Preface
To the Student
If you like math and are interested in learning what statistics is all about, you will likely enjoy and do well in your introductory statistics course. If your prior experiences in math courses have caused you to have an aversion to anything resembling math, I want to convince you to adjust your attitude at the start of your statistics course. Although statistics looks a lot like a math course, I do not take a mathematical approach to teaching statistics in this book. Of course, there are formulas, but they are generally simple and do not require advanced math. Most importantly, the formulas are readily comprehensible if you make the effort to understand them. And that is my real message: Your goal should always be to understand the concepts and procedures. If you do that, you may surprise yourself in your statistics course.
My goals for you can be summarized briefly: (1) I want you to understand tables and graphs and basic measures of central tendency (i.e., mean, median, mode) and dispersion (i.e., range, variance, standard deviation) so that you can make sense of them in the many contexts in which you will encounter them. (2) I want you to understand what a sampling distribution of a statistic is and how it is central to all the procedures known as “inferential statistics.” (3) I want you to understand the purpose and logic of the procedure known as “hypothesis testing.” (4) I want you to understand the concept of the power of a statistical test. (5) I want you to understand the information provided by measures of “effect size.” And (6) I want you to understand the purpose and logic of the procedure known as “confidence intervals.” If you complete your course with a reasonably deep understanding of these six topics, you can consider yourself literate with respect to knowledge of statistics.

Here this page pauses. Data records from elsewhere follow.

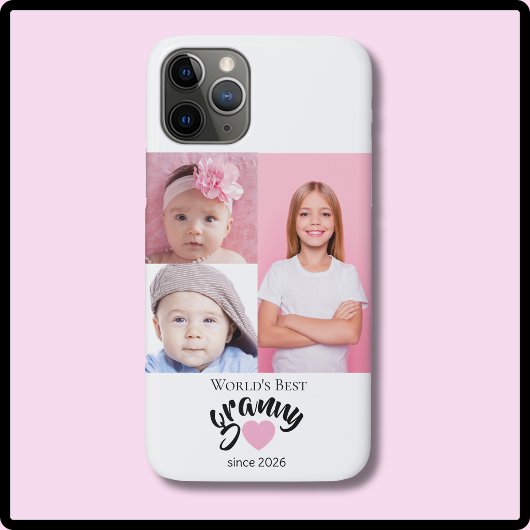 世界で一番の祖母 年3組生まれ 写真 かわいい Case-Mate iPhoneケース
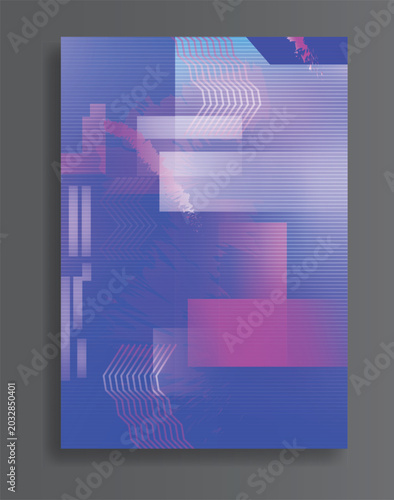 abstract posters. Blurred backgrounds. Defocused color templates for creative graphic design. Vector illustration.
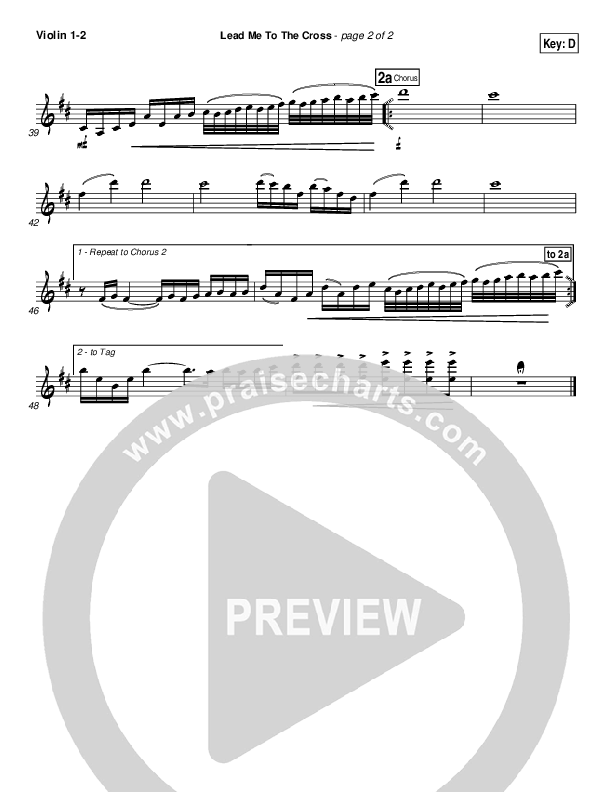 Lead Me To The Cross Violin 1,2 (Hillsong UNITED)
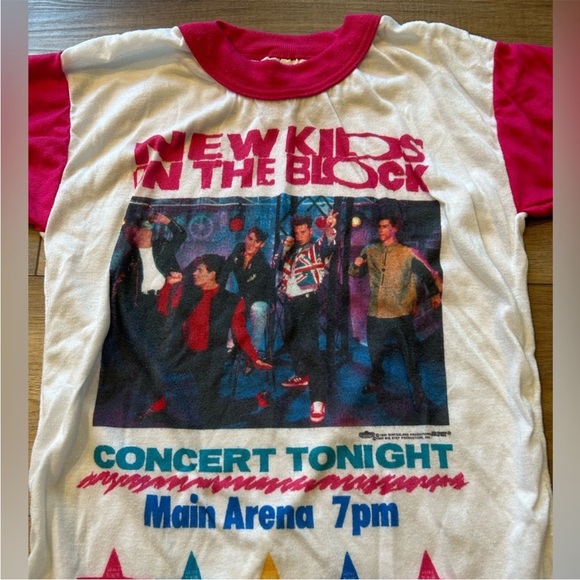 Vintage New Kids On The Block -  Kids Pajamas Nightgown - Red & White - Picture 2 of 8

Although the book does not take a mathematical approach to statistics instruction, the material is not easy. For most students in the behavioral sciences, statistical thinking is novel, so you will need to work to make sense of the concepts and procedures. The first chapter of the book contains recommendations for how to use the book. Don’t blow by these suggestions! Read them, think about them, put them into practice. If you do, you will learn a great deal in your course. Yes, it will take time, effort, and persistence to follow the recommendations. I make no apologies for that: I want you to get the most out of your course and I am confident you will if you follow the suggestions.
To the Instructor
Teaching Philosophy
My teaching philosophy shaped the textbook in many ways, so I share my perspective briefly because it may help you to understand choices I made in coverage, organization, and presentation.
The Goal Is Understanding
In the book, statistical formulas and concepts are developed verbally, not mathematically. The information synthesized by each formula is explained, and the interpretation of the number that results from the calculation is given. The logic of each major inferential procedure (e.g., hypothesis testing, effect size estimation, confidence intervals, and power) is carefully developed, and each procedure is encountered in multiple contexts (i.e., analysis of frequencies, analysis of means, analysis of variance, correlation, and regression). Chapter-ending exercises and test bank items include elaborated answers that emphasize interpretation as well as execution. “Learning Questions” begin major chapter sections, and “Key Takeaways” conclude chapter sections, and both emphasize concepts and the logic of procedures.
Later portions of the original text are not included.